Although the concept of big data itself is relatively new, the origins of large data sets go back to the 1960s and ‘70s when the world of data was just getting started with the first data centers and the development of the relational database. n 1985, Bill Inmon first coined the term “data warehouse” as a “subject-oriented, nonvolatile, integrated, time-variant collection of data in support of management’s decisions.”
Around 2005, people began to realize just how much data users generated through Facebook, YouTube, and other social networks. Hadoop (an open-source framework created specifically to store and analyze big data sets) was developed that same year. NoSQL also began to gain popularity during this time.
The development of open-source frameworks, such as Hadoop (and more recently, Spark) was essential for the growth of big data because they make big data easier to work with and cheaper to store. In the years since then, the volume of big data has skyrocketed. Users are still generating huge amounts of data—but it’s not just humans who are doing it.
With the advent of the Internet of Things (IoT), more objects and devices are connected to the internet, gathering data on customer usage patterns and product performance. The emergence of machine learning has produced still more data.

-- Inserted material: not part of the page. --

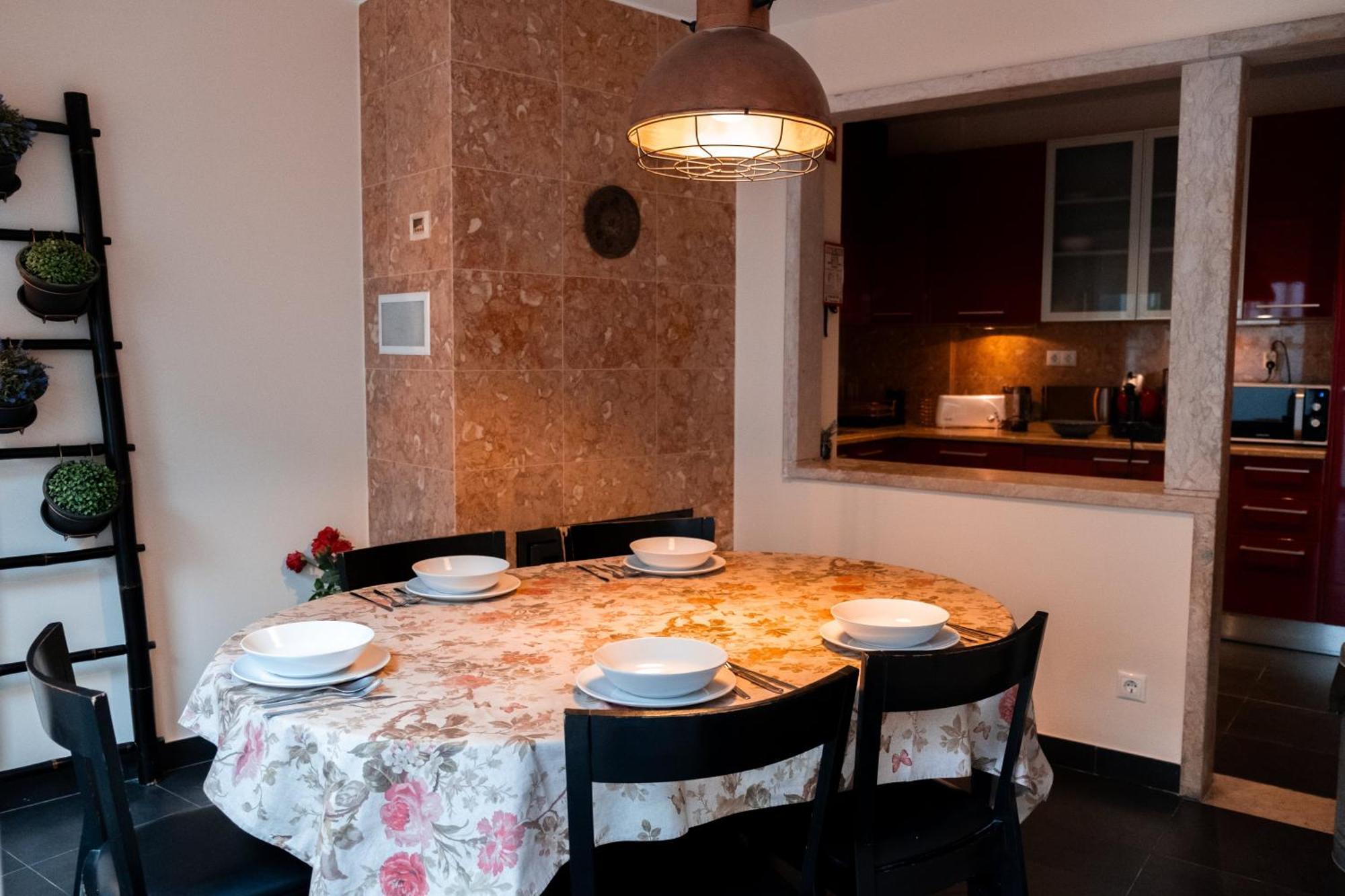 Flh Alcantara Stylish Duplex With Terrace 리스본 외부 사진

Big data leads to the need for data lakes and other innovative storage solutions. These solutions are designed to efficiently manage large volumes of unstructured data. Unlike traditional databases or storage systems, data lakes allow raw data to be stored in its native format until needed. This approach offers flexibility in data processing and analysis. It also greatly cuts down the time needed to prepare data for business intelligence.
Throughout the 2010s, data lakes became a standard for storing large amounts of unstructured data, while data warehouses focused on storing structured data. These workloads started to merge in the late 2010s, with Databricks promoting the concept of data lakehouse.
The concept of big data has transformed industries, offering unprecedented insights and opportunities. Artificial Intelligence (AI) and Machine Learning (ML) stand at the forefront of the data revolution. These technologies enable sophisticated data analysis and decision-making, driving efficiency and innovation across various sectors.